Filmmaker Julian Rosefeldt transforms German industrial landmarks into "alienated places" for his latest film, which sees actor Cate Blanchett take on 13 personas while reciting art declarations.
Rosenfeldt, a German artist and former architect, first presented Manifesto in 2015 as a multi-screen gallery installation.
He has now expanded the project into a film, which was shot almost exclusively in Berlin. It makes use of an array of industrial locations, which Rosenfedlt refers to as examples of "anti-architecture".
They include spy tower Teufelsberg, the Vattenfall waste resource centre, the Klingenberg power plant and the library of the Herzog & de Meuron-designed Brandenburg University of Technology.
"On a hidden level, the film is a life declaration to Berlin, although I don't depict Berlin as Berlin," Rosenfeldt told Dezeen. "There are no emblematic buildings that people know and recognise."
"I used a lot anti-architecture, like the Klingenberg CHP plant that is in West Berlin, but looks like East Berlin," he continued. "It is that big incineration plant that exists in every big city, but we are never aware of that architecture."
Produced in 12 days, the film is a compilation of more than 50 artist declarations from the past century, from movements including surrealism, situationism, futurism and dada. It is recited by 13 characters, all played by Australian actor Cate Blanchett.
Throughout the film, Rosenfeldt uses the locations as a method of either reinforcing or contradicting the spoken manifestos.
"Architecture [usually] underlines the narration or announces it," Rosefeldt told Dezeen. "In my work, I do the opposite – I don’t use architecture to explain what happens, I mainly use it in an enigmatic way, so the architecture becomes an alienated place to the text that the action unfolds there.
"The viewer is then much more engaged and activated by trying to understand the relevance of that architecture."
One scene sees Blanchett reprise the role of a homeless man against the backdrop of the Teufelsberg spy tower, located in West Berlin.
The structure was built in the 20 years following the second world war, and was used by American intelligence agents to spy on Soviet troops in East Germany.
"It is actually a place that David Lynch wanted to buy," revealed Rosenfeldt.
In this scene, Blanchett's homeless character is seen reciting the Situationist manifesto, which discussed the failures of capitalism.

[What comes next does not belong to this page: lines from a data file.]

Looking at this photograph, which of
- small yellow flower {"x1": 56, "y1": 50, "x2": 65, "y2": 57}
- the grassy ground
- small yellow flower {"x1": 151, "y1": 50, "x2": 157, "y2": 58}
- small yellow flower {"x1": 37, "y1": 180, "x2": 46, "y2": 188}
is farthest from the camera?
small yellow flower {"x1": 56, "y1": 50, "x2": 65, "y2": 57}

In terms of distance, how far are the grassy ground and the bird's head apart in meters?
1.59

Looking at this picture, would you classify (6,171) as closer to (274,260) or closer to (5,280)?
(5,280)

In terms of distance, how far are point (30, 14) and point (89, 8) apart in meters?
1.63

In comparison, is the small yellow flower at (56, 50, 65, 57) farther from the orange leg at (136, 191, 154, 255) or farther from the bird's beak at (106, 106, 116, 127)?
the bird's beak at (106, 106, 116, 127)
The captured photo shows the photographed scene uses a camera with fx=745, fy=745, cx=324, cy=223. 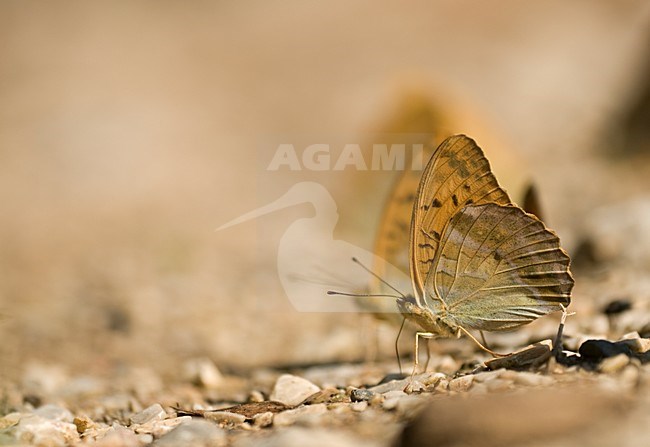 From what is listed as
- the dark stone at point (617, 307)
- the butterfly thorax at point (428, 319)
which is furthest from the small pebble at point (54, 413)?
the dark stone at point (617, 307)

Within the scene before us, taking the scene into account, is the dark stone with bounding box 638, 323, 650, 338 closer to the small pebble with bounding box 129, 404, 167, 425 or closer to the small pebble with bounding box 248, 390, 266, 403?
the small pebble with bounding box 248, 390, 266, 403

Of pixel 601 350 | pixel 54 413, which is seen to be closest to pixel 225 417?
pixel 54 413

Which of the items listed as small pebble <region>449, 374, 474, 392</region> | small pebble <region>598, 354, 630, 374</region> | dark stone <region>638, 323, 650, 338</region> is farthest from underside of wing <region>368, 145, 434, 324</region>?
small pebble <region>598, 354, 630, 374</region>

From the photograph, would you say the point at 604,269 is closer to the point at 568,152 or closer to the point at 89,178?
the point at 568,152

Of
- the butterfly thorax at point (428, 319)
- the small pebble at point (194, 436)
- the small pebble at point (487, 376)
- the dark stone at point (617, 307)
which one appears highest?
the dark stone at point (617, 307)

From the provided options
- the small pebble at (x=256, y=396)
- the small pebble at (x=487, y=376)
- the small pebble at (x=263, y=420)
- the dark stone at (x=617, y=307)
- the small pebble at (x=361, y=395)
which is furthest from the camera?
the dark stone at (x=617, y=307)

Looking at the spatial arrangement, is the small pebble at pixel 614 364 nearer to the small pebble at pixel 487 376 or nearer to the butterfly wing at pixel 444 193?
the small pebble at pixel 487 376

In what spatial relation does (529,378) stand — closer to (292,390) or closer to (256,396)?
(292,390)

Another chapter, titled Architecture, is located in an incineration plant. Here, Blanchett recites a number of key architectural manifestos, including Architecture Must Blaze, written by Austrian firm Coop Himmelb(l)au.
One of the best-known locations in the film is the library of Herzog & de Meuron's Brandenburg University building, located in the German city of Cottbus, just south of Berlin.
Completed in 2004, the curved structure is located on an artificial hill on the university campus. Herzog & de Meuron conceived the structure as a "solitary landmark".
Rosenfeldt combined shots of the building's exterior and the library's interior staircase – a bright pink, freestanding structure, which is filmed from above to create a spiralling effect.
For this scene, Rosefeldt also used a shot of the elevators inside the steel-clad Ludwig Erhard Haus building, which was completed by UK practice Grimshaw in 1998.
Rosefeldt described this scene as having a "futuristic atmosphere".
"I was looking for locations that are not recognisable in their functionality," Rosenfeldt said. "I chose locations and set design, not as something that directly reinforces the renovation of a situation, but rather as a complementary element, as an enigmatic touch."
"As the viewer, you are activated because you don't understand what you are seeing sometimes. This creates a tension between an architectural setting and text material."
Manifesto is currently on show in UK cinemas.